In each of these, a subset of posts appear twice. Typically in succession and never more than 2x in total.

It is highly likely that this is due to the upcoming redesign that uses python 3 and is now serving half of NewsBlur’s feed fetching. It’s likely that the story checker which checks for duplicates is timing out. I raised the timeout from 2 to 5 seconds, but that still may not be enough.

What I’m noticing is that it doesn’t happen for every story, but when it does happen, a group of stories get duplicated.

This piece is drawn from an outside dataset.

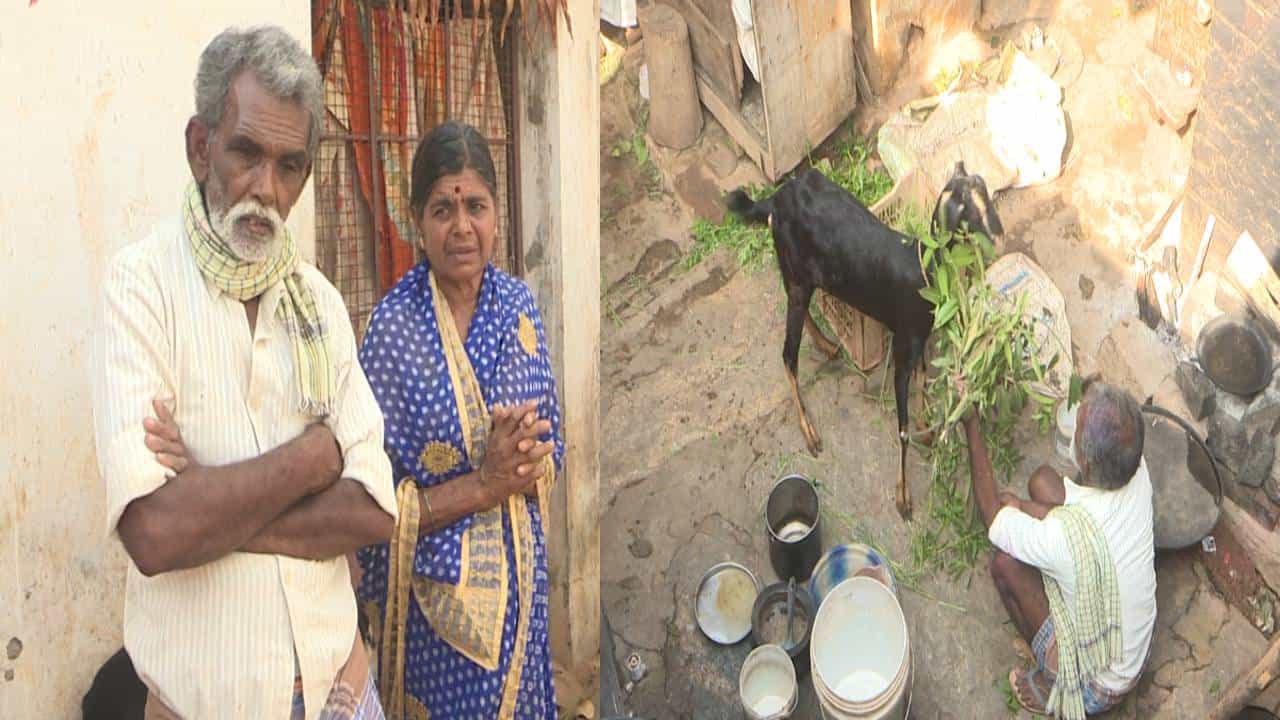ಮನೆಯೊಳಗಡೆಯೇ ಕುರಿ-ಮೇಕೆಗಳನ್ನ ಬಿಟ್ಟು ಮನೆ ಸೀಜ್ ಮಾಡಿದ ಪೈನಾನ್ಸ್ ಸಿಬ್ಬಂದಿ; 2 ತಿಂಗಳಿಂದ ಮೇವು ನೀಡಲು ವೃದ್ದರ ಪರದಾಟ ಮನೆಯೊಳಗಡೆಯೇ ಕುರಿ-ಮೇಕೆಗಳನ್ನ ಬಿಟ್ಟು ಮನೆ ಸೀಜ್ ಮಾಡಿದ ಪೈನಾನ್ಸ್ ಸಿಬ್ಬಂದಿ; 2 ತಿಂಗಳಿಂದ ಮೇವು ನೀಡಲು ವೃದ್ದರ ಪರದಾಟ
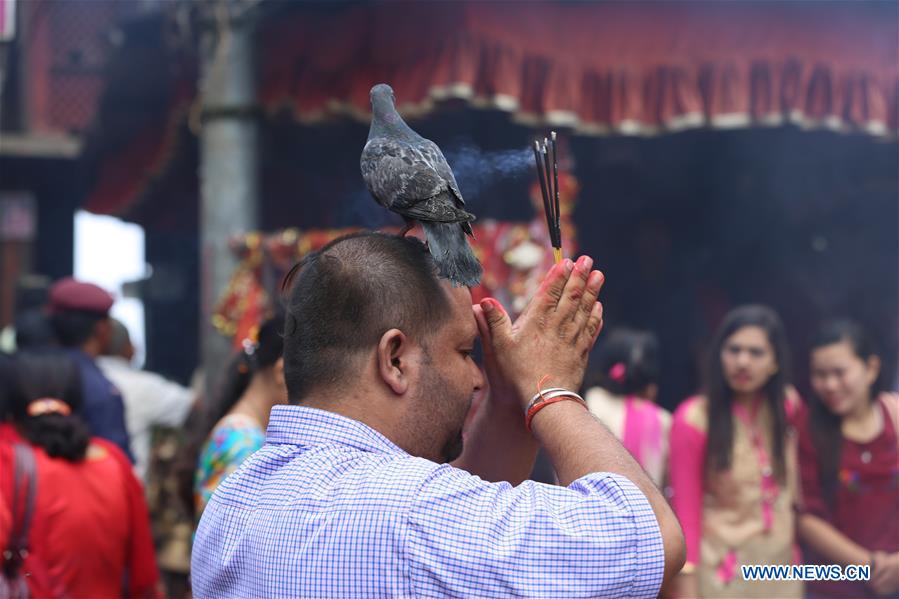 NEPAL-GORKHA-MANAKAMANA TEMPLE-DASHAIN FESTIVAL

I’m wondering if there are characteristics of the feeds that get duplicated stories.

Also, FYI, it comes down to this function taking too long: NewsBlur/models.py at dashboard3 · samuelclay/NewsBlur · GitHub

Still happening quite frequently for me. If increasing the timeout made a difference I’m not noticing it here.

I’m a fellow developer - is there anything I can do to help you debug this?

I often read all my RSS feeds every day. They’re all marked as read before I go to bed. Then, the next morning, I see many Reddit articles again in my feeds that I’d read the day before. With the way I use Newsblur, I actually very rarely see two identical articles next to each other as shown in the screenshot above. I tend to see them a day or so apart. Would that still tie in with the timeout theory?

Honestly I believe it’s because I have the feed fetchers split, half between www and half between beta. So it’s likely there’s some disconnect between the two. I’ll see about moving all of the feed fetchers to beta today.